ProxyPass /analytics balancer://lb/analytics/
#Reverse intranet servers requests back
ProxyPassReverse / balancer://lb/analytics/
ProxyPassReverse / http://10.10.10.133/analytics/
ProxyPassReverse / http://10.10.10.134/analytics/
#Set location accessable by http://www.mydomain.com/lbm to see actual balancing state.
<Location>
SetHandler balancer-manager
</Location>
.
ProxyPass directive allows remote servers to be mapped into the space of the local server; the local server does not act as a proxy in the conventional sense, but appears to be a mirror of the remote server. The local server is often called a reverse proxy or gateway. The path is the name of a local virtual path; url is a partial URL for the remote server and cannot include a query string.
ProxyPassReverse directive lets Apache adjust the URL in the Location, Content-Location and URI headers on HTTP redirect responses. This is essential when Apache is used as a reverse proxy (or gateway) to avoid by-passing the reverse proxy because of HTTP redirects on the backend servers which stay behind the reverse proxy.
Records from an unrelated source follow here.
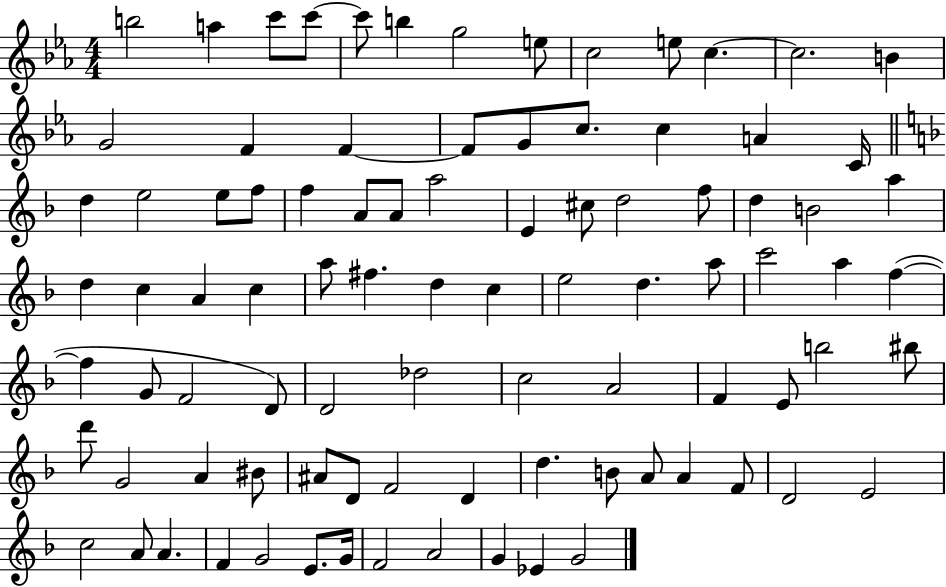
B5/h A5/q C6/e C6/e C6/e B5/q G5/h E5/e C5/h E5/e C5/q. C5/h. B4/q G4/h F4/q F4/q F4/e G4/e C5/e. C5/q A4/q C4/s D5/q E5/h E5/e F5/e F5/q A4/e A4/e A5/h E4/q C#5/e D5/h F5/e D5/q B4/h A5/q D5/q C5/q A4/q C5/q A5/e F#5/q. D5/q C5/q E5/h D5/q. A5/e C6/h A5/q F5/q F5/q G4/e F4/h D4/e D4/h Db5/h C5/h A4/h F4/q E4/e B5/h BIS5/e D6/e G4/h A4/q BIS4/e A#4/e D4/e F4/h D4/q D5/q. B4/e A4/e A4/q F4/e D4/h E4/h C5/h A4/e A4/q. F4/q G4/h E4/e. G4/s F4/h A4/h G4/q Eb4/q G4/h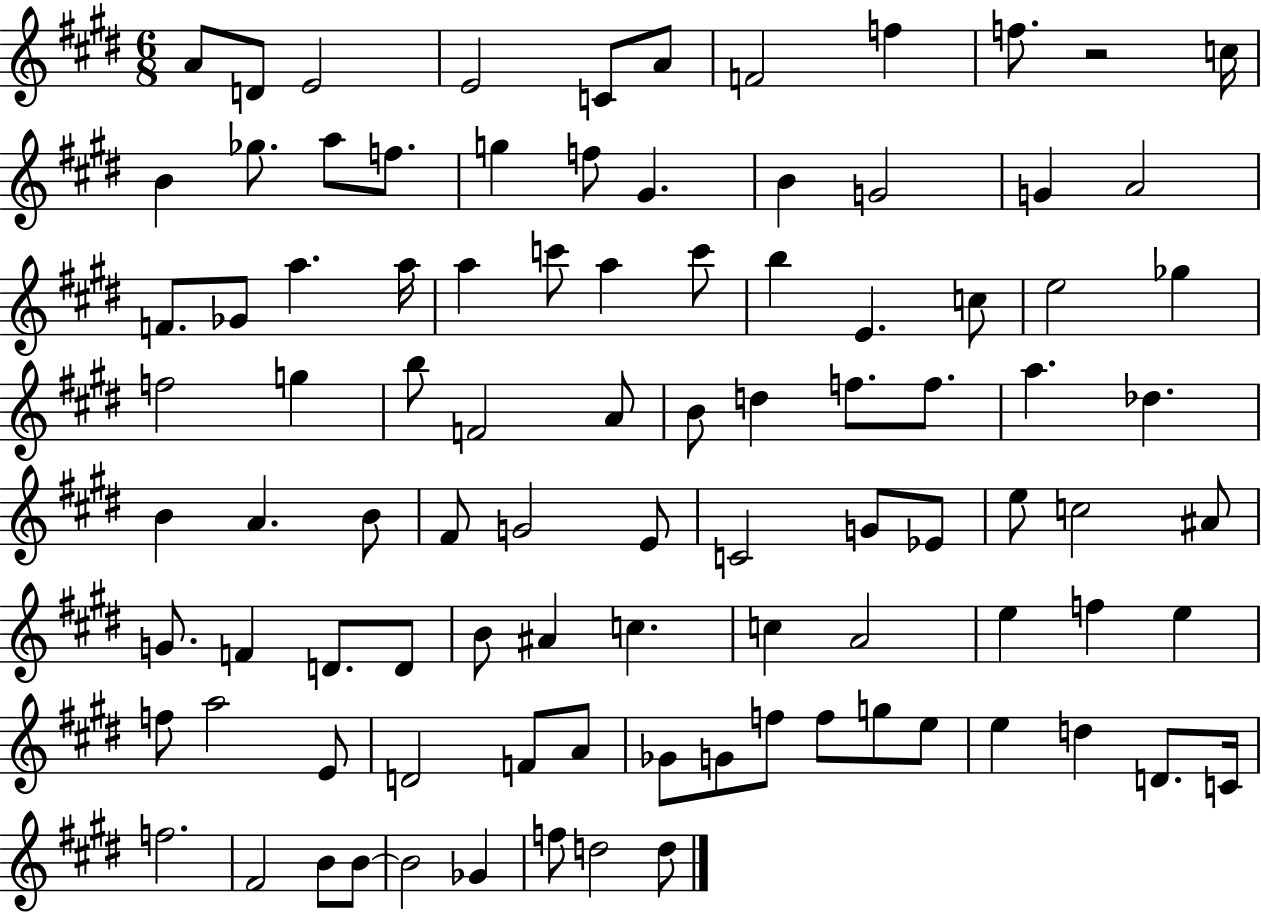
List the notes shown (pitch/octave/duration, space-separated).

A4/e D4/e E4/h E4/h C4/e A4/e F4/h F5/q F5/e. R/h C5/s B4/q Gb5/e. A5/e F5/e. G5/q F5/e G#4/q. B4/q G4/h G4/q A4/h F4/e. Gb4/e A5/q. A5/s A5/q C6/e A5/q C6/e B5/q E4/q. C5/e E5/h Gb5/q F5/h G5/q B5/e F4/h A4/e B4/e D5/q F5/e. F5/e. A5/q. Db5/q. B4/q A4/q. B4/e F#4/e G4/h E4/e C4/h G4/e Eb4/e E5/e C5/h A#4/e G4/e. F4/q D4/e. D4/e B4/e A#4/q C5/q. C5/q A4/h E5/q F5/q E5/q F5/e A5/h E4/e D4/h F4/e A4/e Gb4/e G4/e F5/e F5/e G5/e E5/e E5/q D5/q D4/e. C4/s F5/h. F#4/h B4/e B4/e B4/h Gb4/q F5/e D5/h D5/e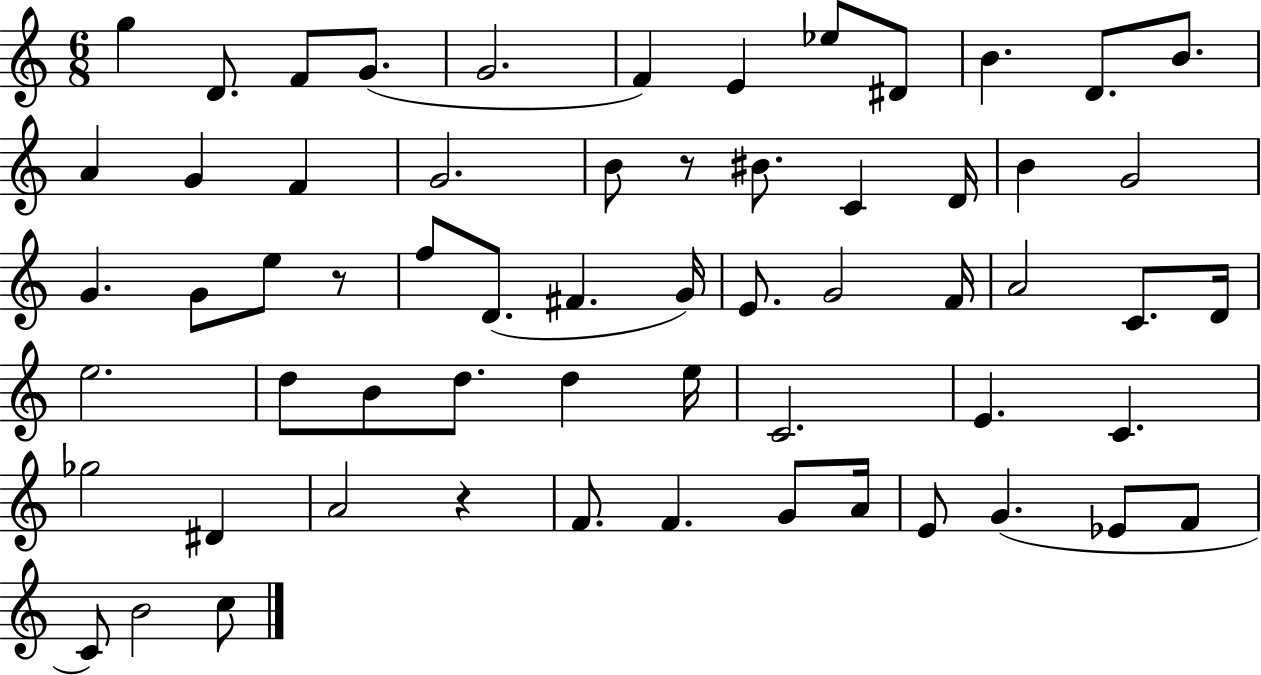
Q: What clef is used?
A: treble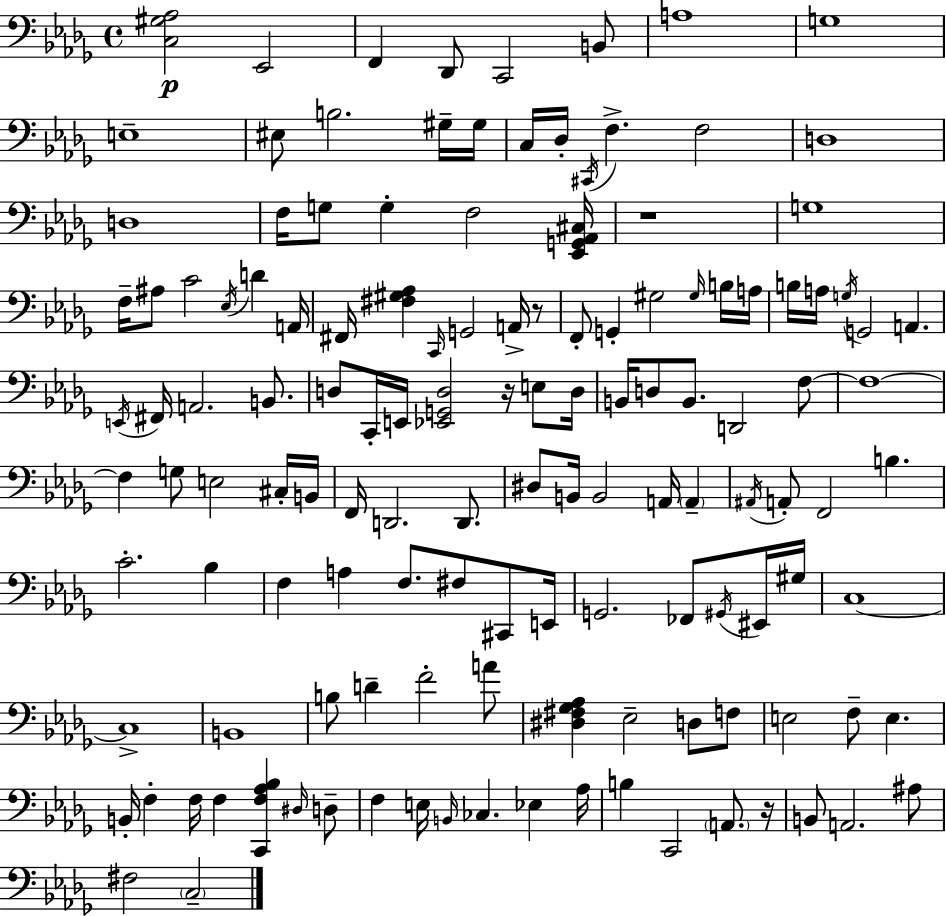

Only the HTTP response headers specifically mentioned above will be rewritten. Apache will not rewrite other response headers, nor will it rewrite URL references inside HTML pages. This means that if the proxied content contains absolute URL references, they will by-pass the proxy. A third-party module that will look inside the HTML and rewrite URL references is Nick Kew's mod_proxy_html
For details please check documentation:
http://httpd.apache.org/docs/2.2/mod/mod_proxy.html
Please note with setting i've mentioned if there is no session's replication between application servers you could have a problems with application access or its work. The one of the other possible solution is to use session ID as identifier of the backend node e.g preventing of switching nodes in the same session (it's called sticky session). I'm going to describe in future posts how to make replication and how to use session ID to identify required destination.
2 comments:
You mentioned that you'd write something up about how you setup session replication with mod_proxy_balancer, but I can't find the post. Do you have any tips? I can only find the configuration steps for when you are using the Weblogic Plugin.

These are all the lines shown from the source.